- **Work instructions**: In the entries below, begin at the line with "36 Hill Street Carlton Landing, OK 74432" and stop after the line with "Kicks 1.6 S CVT (Flex)"; output those lines exactly and omit the pictures.

- **Material for the task**:
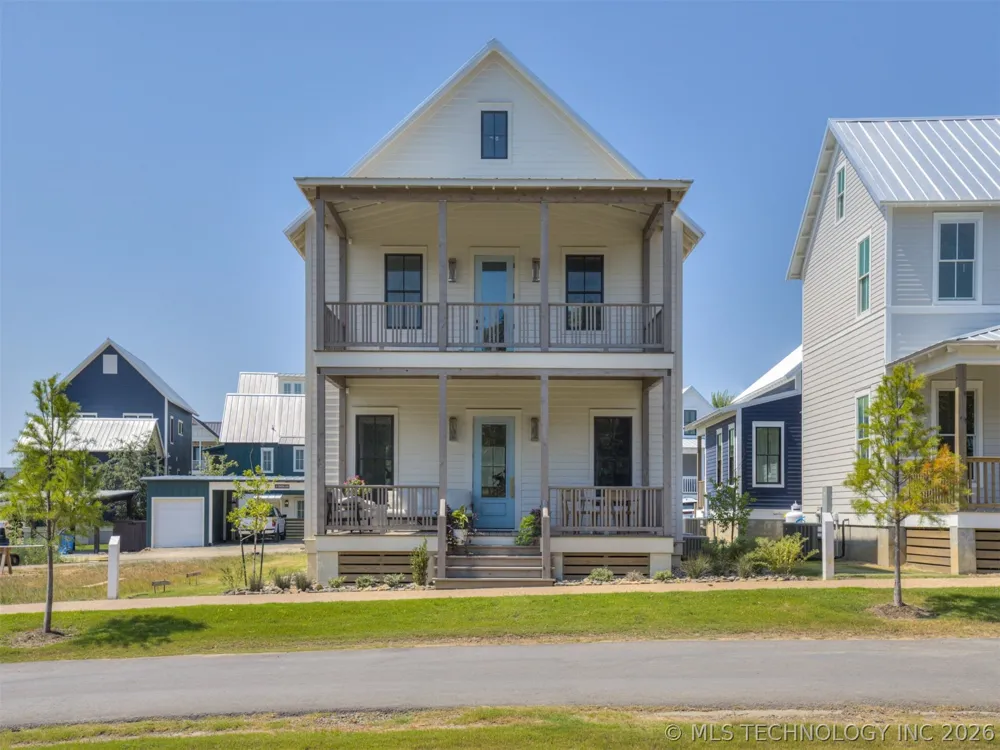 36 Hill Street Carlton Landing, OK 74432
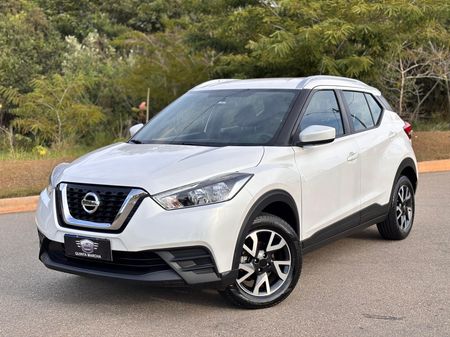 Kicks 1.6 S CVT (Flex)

---

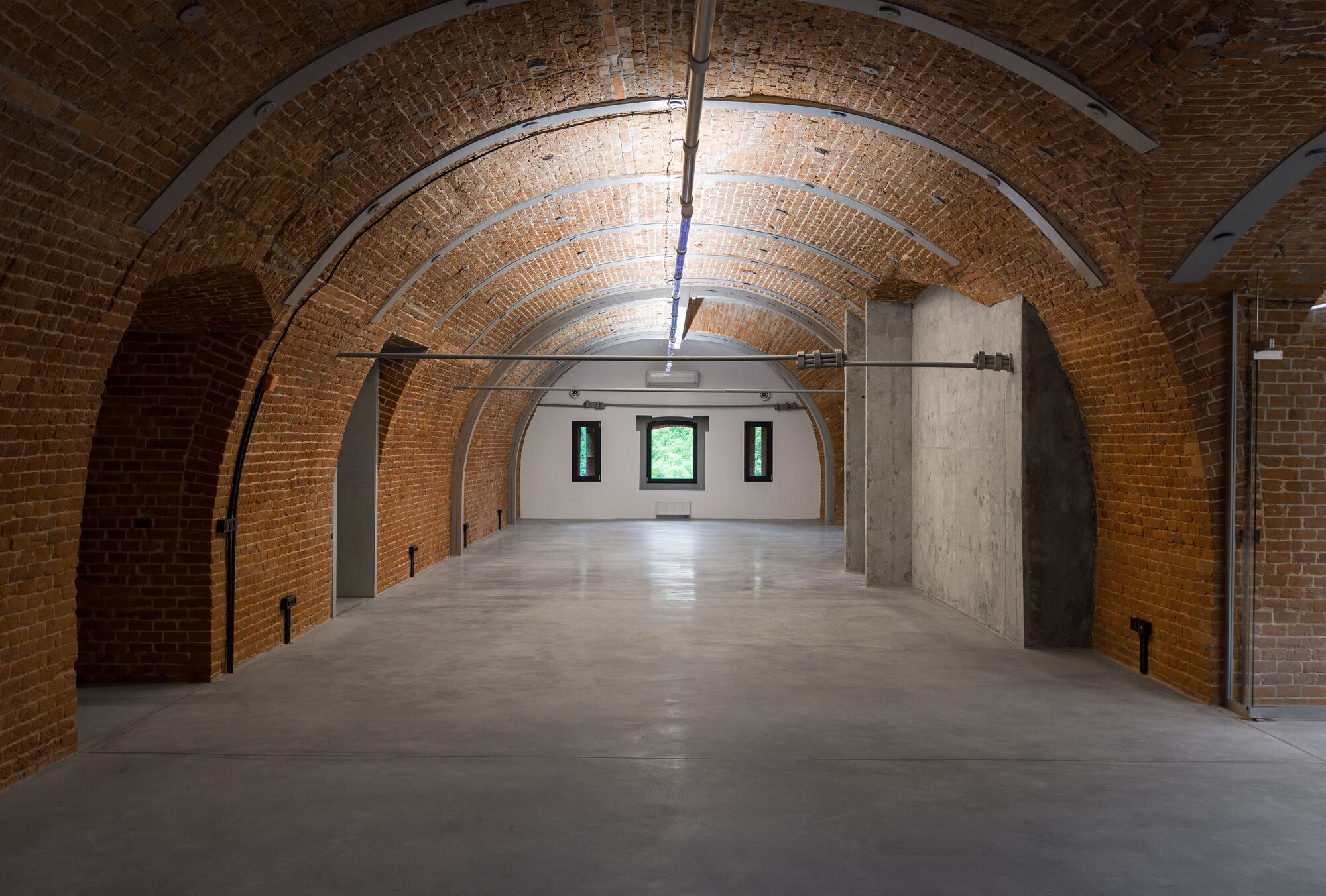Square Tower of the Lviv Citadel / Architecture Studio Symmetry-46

- **Response box**:
 36 Hill Street Carlton Landing, OK 74432
 Kicks 1.6 S CVT (Flex)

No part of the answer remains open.